— Your assignment —
Only the pictures are to be left out; set down the rest of the records exactly.

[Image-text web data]
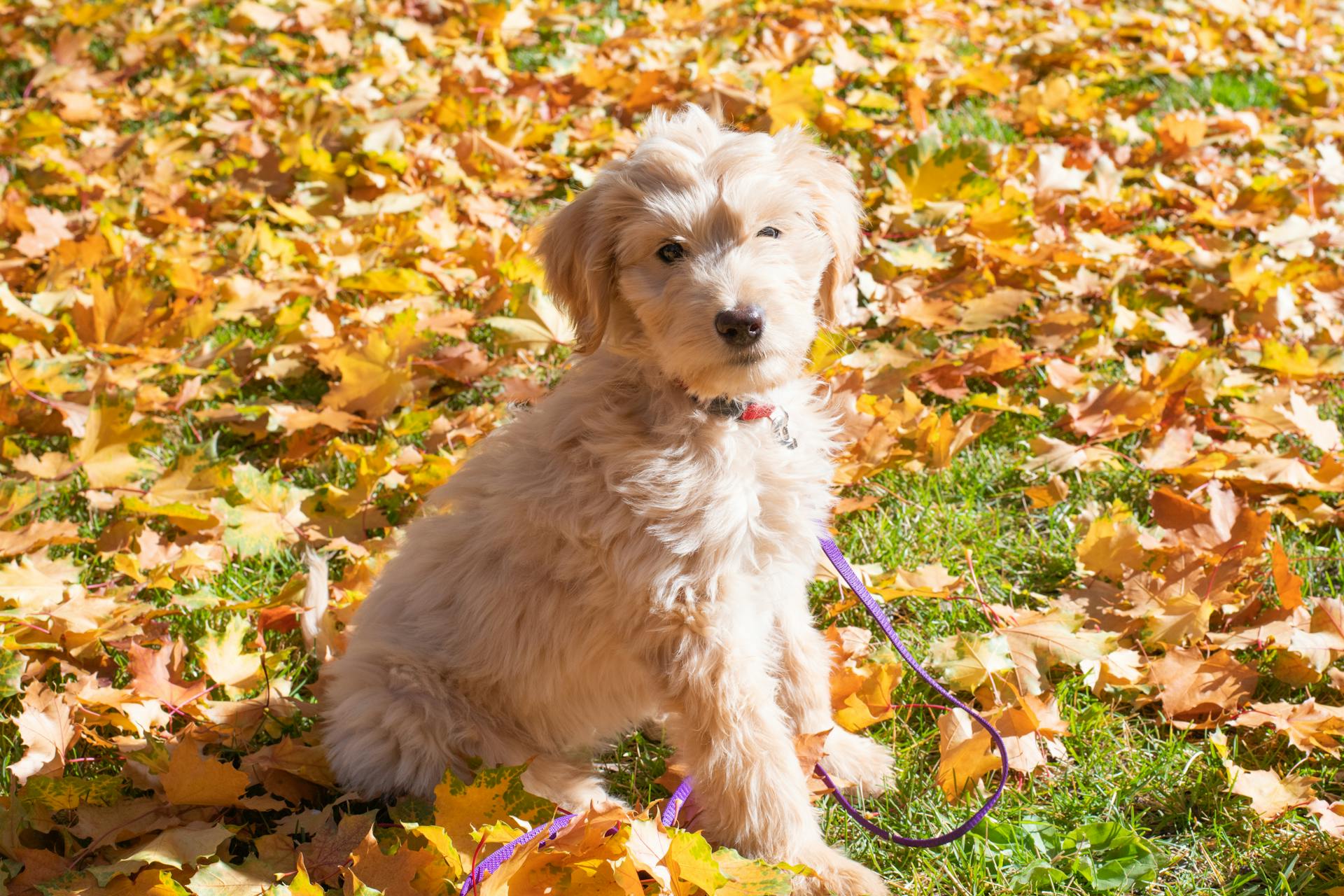 Foto van een Goldendoodle in de buurt van herfstbladeren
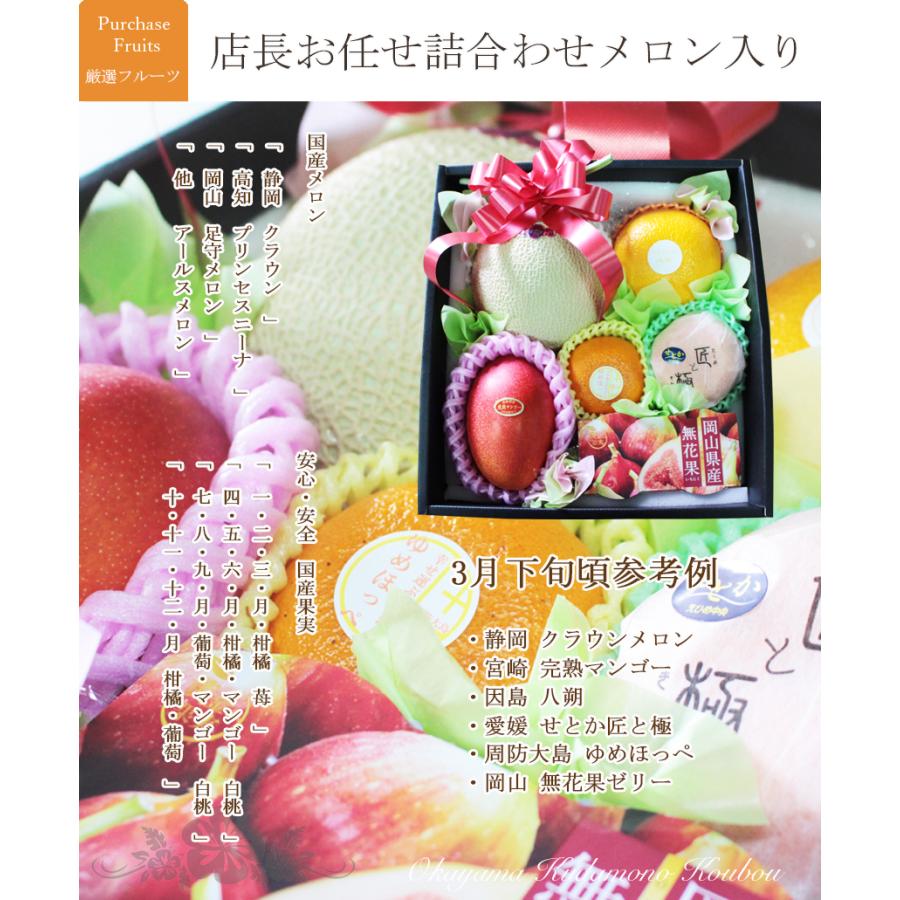 季節のフルーツ 詰め合わせ マスクメロン入り （画像送信サービス付き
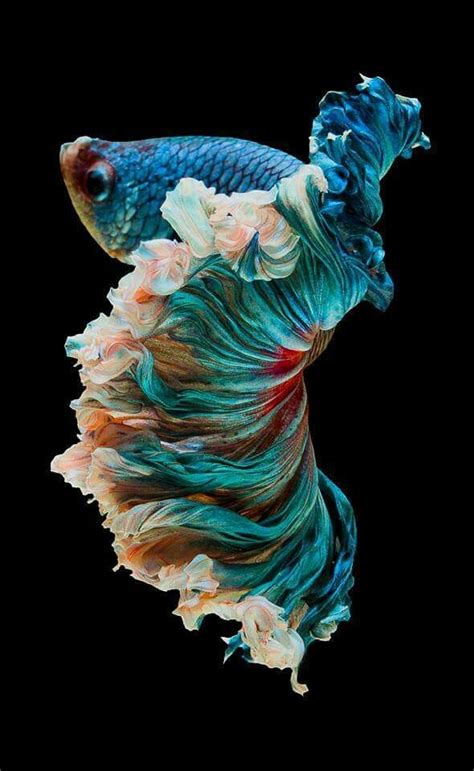 Pin By Rebe Ramos On Nice Beautiful Sea Creatures Betta Fish Fish Art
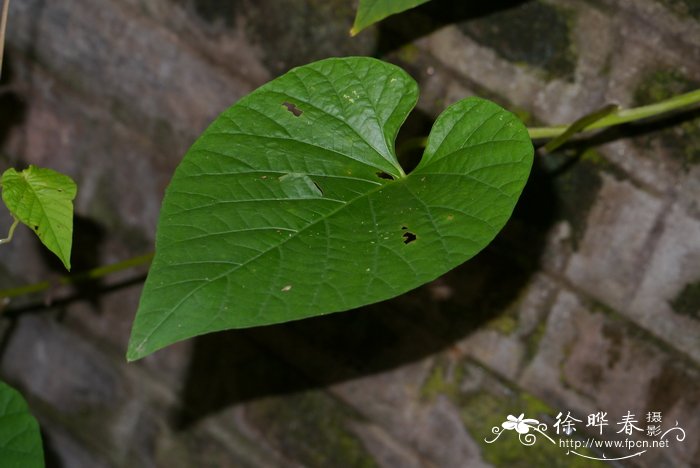 红腺叶藤Stictocardia beraviensis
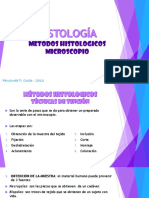 Tincion Histologia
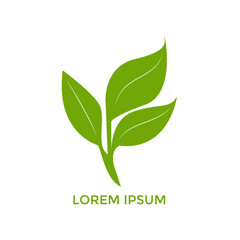 Sprout Logo Isolated White background. Vector Illustration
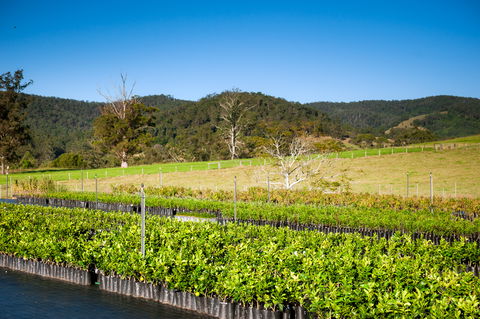 Fruit Salad Tree Company - Mackay Tourism 6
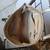 Brahmin 3pcSet Melbourne Asher Tote Bag Wallet&Case Crocodile Embossed Champagne 5 thumbnail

— Solution to this exercise —
 Foto van een Goldendoodle in de buurt van herfstbladeren
 季節のフルーツ 詰め合わせ マスクメロン入り （画像送信サービス付き
 Pin By Rebe Ramos On Nice Beautiful Sea Creatures Betta Fish Fish Art
 红腺叶藤Stictocardia beraviensis
 Tincion Histologia
 Sprout Logo Isolated White background. Vector Illustration
 Fruit Salad Tree Company - Mackay Tourism 6
 Brahmin 3pcSet Melbourne Asher Tote Bag Wallet&Case Crocodile Embossed Champagne 5 thumbnail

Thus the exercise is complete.